# dont buy saddles from wespur!



## voxac30dude (Dec 21, 2009)

i had ordered a "medium" buckingham wide back floating D saddle in medium. well the box arrived yesterday and it was a large! the worst part is that when i called this morning to exchange it for a new one the guy on the phone gave me a hard time saying that i pressed the large button when i choose what size to buy. very un happy with how long it took just to set up an exchange. it gets worse. i currently dont have a backup saddle and i live in hawaii so shipping back to them will take a week processing the order will take a week shipping back to me a week. ONE MONTH! im gonna loose busness!


----------



## Grace Tree (Dec 21, 2009)

Sorry you had trouble. I've had nothing but outstanding service from Wespur. They get 99% of my business. When you went back to look at your online order did order a large or did you order a medium and they shipped a large?
Phil


----------



## VT_Tree_Wrecker (Dec 21, 2009)

:agree2:

I have to agree with Small Wood, nothing but outstanding service. I too got the wrong size harness, but it was my fault. They sent out the right harness the same day I called and I sent the one ordered back in the box the new one came in.


----------



## lumberjack333 (Dec 21, 2009)

I've ordered most of my gear from them as well, they were actually very helpful when I was picking out my first set of spurs... took the time to talk to me on the phone for the better part of a half hour discussing my options and the ups and downs of the different brands/styles. Ordered my "Cougar" saddle from them as well and had no problems with it, other than yes it is a long waiting period for the shipment, especially with the border crossing here into Canada... for all the customs yuppies know I'm an afghanie terrorist looking to plant IEDs in ummm errrr Canadian tree tops?
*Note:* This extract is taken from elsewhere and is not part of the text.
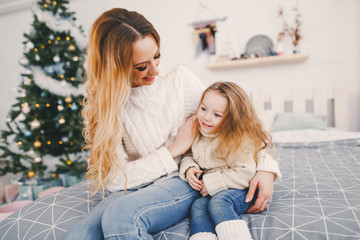 mother and daughter playing on the bed in a room decorated for the holidays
Wherever the fault lies, i'm sure it was an honest mistake... we're all human right? Sucks that you're losing work over it but, once that saddle gets there you'll have no excuses not to be out breaking it in for about 14hrs a day haha.
:greenchainsaw:


----------



## oscar4883 (Dec 21, 2009)

Sorry about your situation. Almost all of my business goes to Wespur. They call if anything is backordered, even pick up the phone at crazy times when I forget they are on the opposite side of the country. Living in the US mainland I know I take availability and prompt shipping for granted. Hope everything works out.


----------



## treeslayer (Dec 21, 2009)

why I only deal with Sherrills.


----------



## Rftreeman (Dec 21, 2009)

everybody makes mistakes, doesn't matter the company, maybe you did hit the wrong button or maybe the person that packed it pulled it wrong, like Forrest Gump said "#### happens" ...........no need to bash a company for a simple mistake....
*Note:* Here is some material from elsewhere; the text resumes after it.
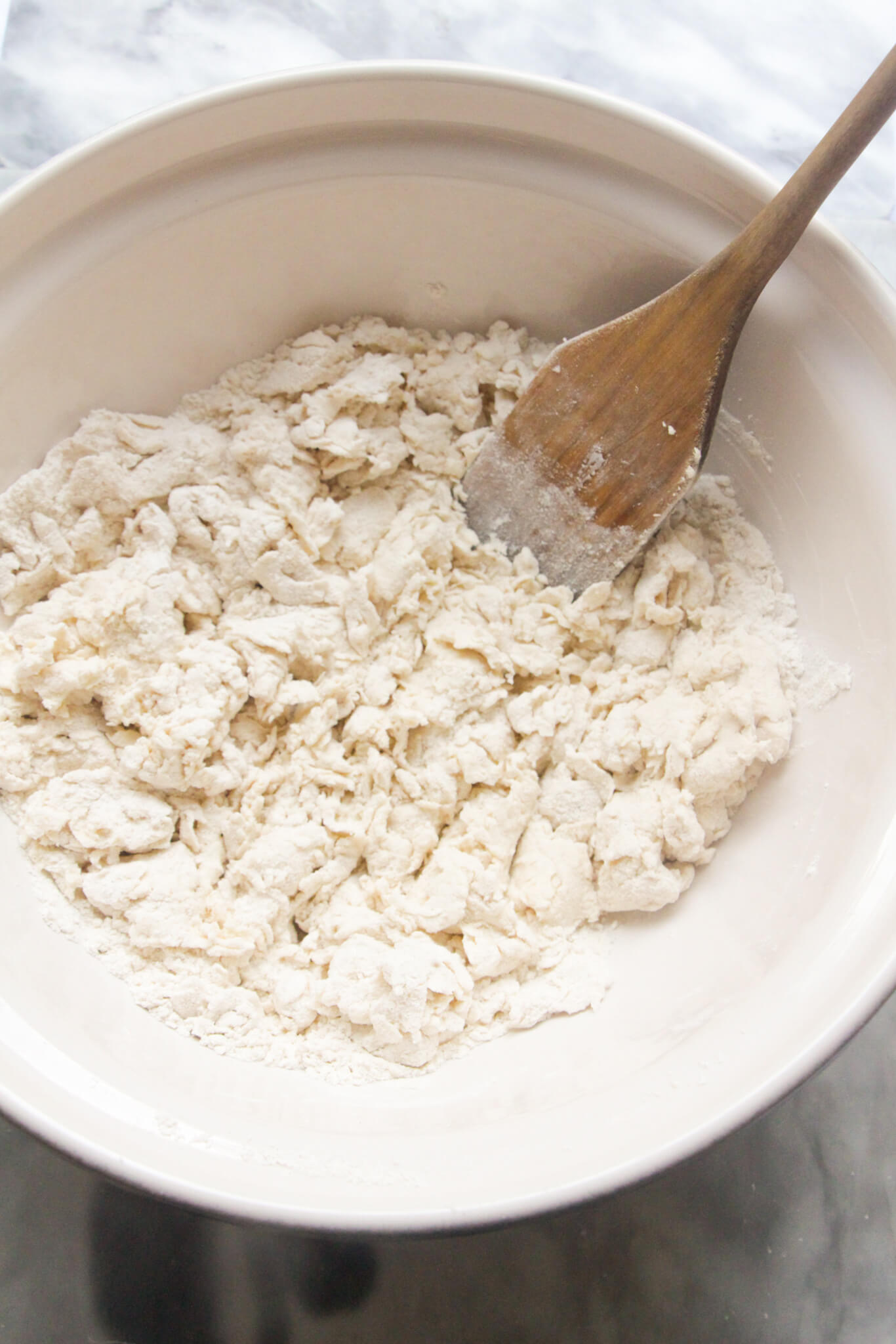 Lumpy mixed flour and yogurt dough in a large white mixing bowl with a wooden spatula inside.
I've had problems with the other company mentioned here as well but there's no need to bash them over it so I won't....no one is perfect...


----------



## Nailsbeats (Dec 21, 2009)

Rest asured Wesspur, you'll still get my business.


----------



## Bearcreek (Dec 21, 2009)

:agree2: I hit a fence once with a branch. I hope that doesn't mean nobody should give me business again.


----------



## lumberjack333 (Dec 21, 2009)

Rftreeman said:


> like Forrest Gump said "#### happens"



Yeah but gump also said "I gotta paee" to the president on national TV... ponder that one Rftree!


----------



## lumberjack333 (Dec 21, 2009)

Bearcreek said:


> :agree2: I hit a fence once with a branch. I hope that doesn't mean nobody should give me business again.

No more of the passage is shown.